Review: ROCK THE KASBAH

By Liz Lopez

Rating: B-

Bill Murray stars as Richie Lanz, is an aging rock manager in Rock the Kasbah, based on the script by Mitch Glazer and directed by Barry Levinson. In the first few minutes of the film, when Lanz is busy half- listening to someone audition for him in a not very glamorous motel, it is so obvious he is about to fill the girl’s head of falsehoods and drain the pocketbook at the same time. In the meantime, his assistant and “tired of waiting for her break” client Ronnie (Zooey Deschanel) is observing and ready to leave the business. That is until Lanz finds out money can be made with Ronnie as an entertainer for the troops in Afghanistan. Once again, Ronnie’s hunch that this trip won’t be all Lanz declares it will be, is spot on and the results are her reality. This time when she leaves, she drains Lanz of his resources and his adventures with a cast of characters in Kabul kicks into full gear. The film is worth viewing, but despite all the great cast in the film and the good music, the story lacks the punch I had anticipated. I recommend viewing it during a matinee.  
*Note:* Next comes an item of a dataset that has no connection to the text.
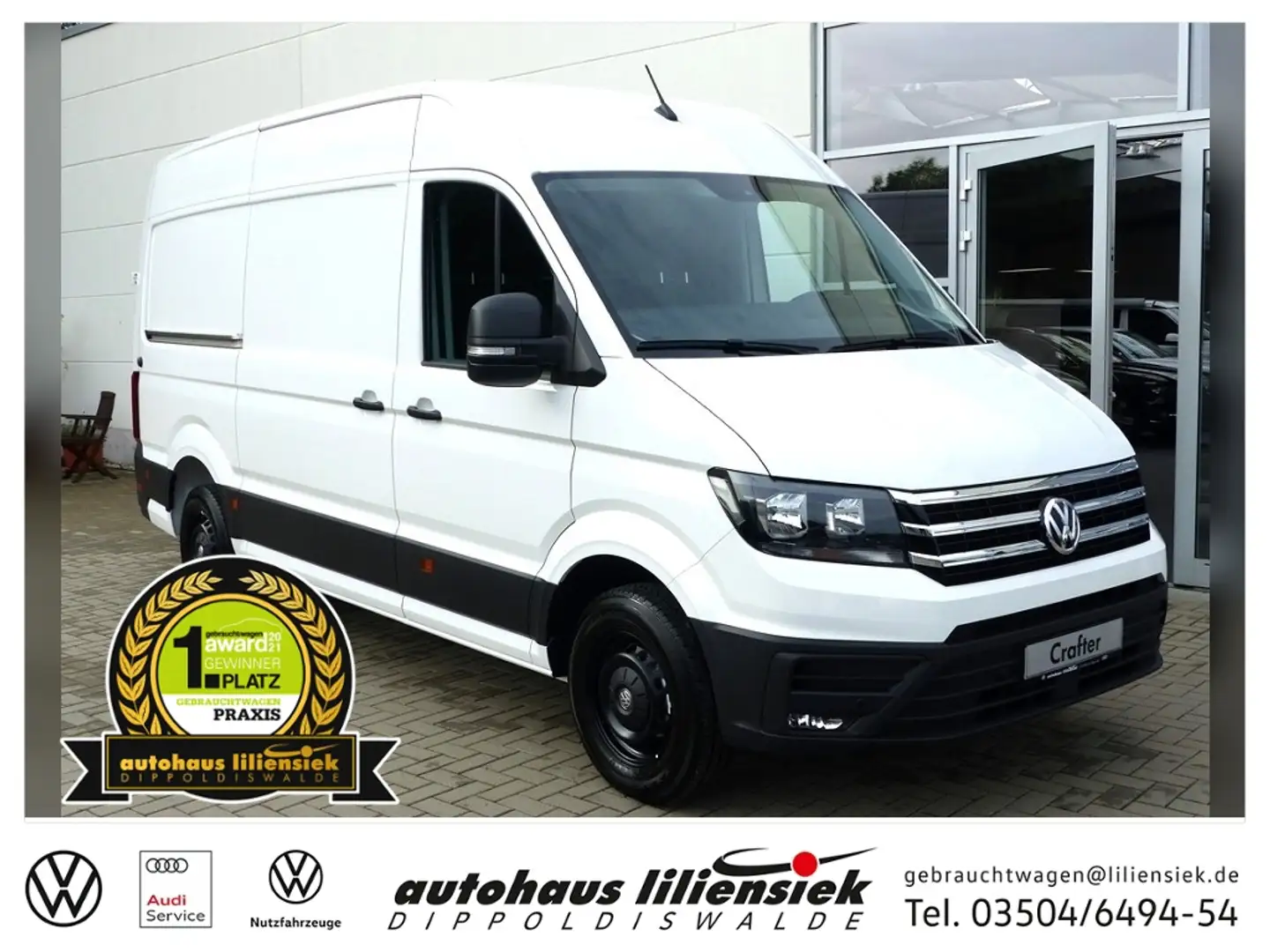 Volkswagen Crafter 35 Kasten 2.0 TDI MR  *AHK*PDC*ZV*Klima* Wit - 1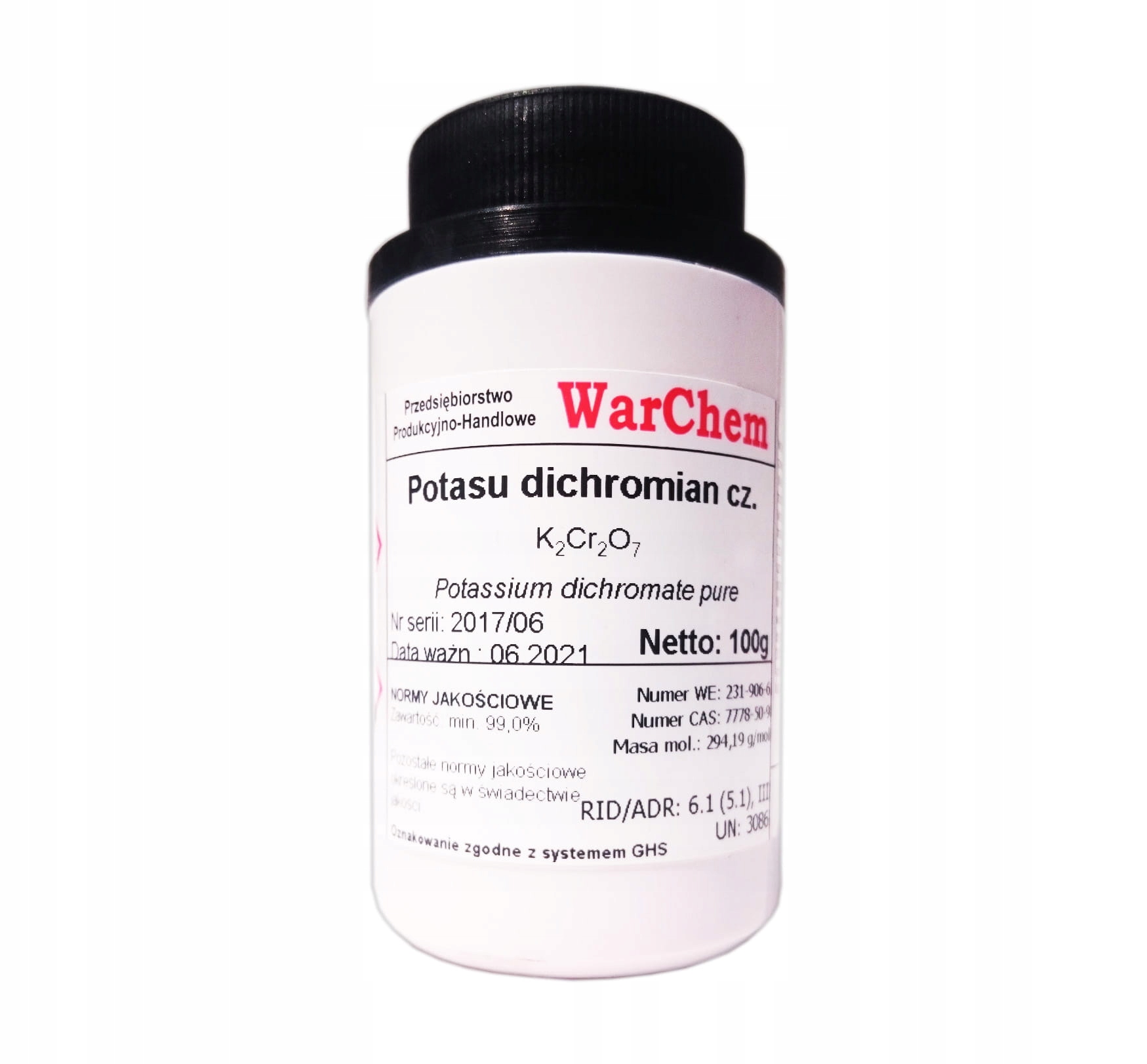 

Dichromian Potasu 100g Warchem [51114]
The mercenary, Bombay Brian (Bruce Willis) is menacing in one scene, but he somehow ends up letting Richie off the hook earlier than I had expected. The American arms dealers Jake (Scott Caan) and Nick (Danny McBride) are crazy enough in their own right, but they somehow disappear after they convince Ritchie of a sure fire way to help them and make some dollars to get home. The American entrepreneur who sells her wares to anyone who has the funds, Merci (Kate Hudson), has her own interests in mind, but decides she has a soft spot for the former music mogul who is having a tough time away from home.  Richie unexpectedly hears a local Pashtun girl (Leem Lubany) singing and his bright idea is to have her on the TV show Afghan Star. That is, if she can make it there alive, because in her culture, a woman singing can also seek a death sentence.

Rock the Kasbah opens in theaters on October 23rd by way of Open Road.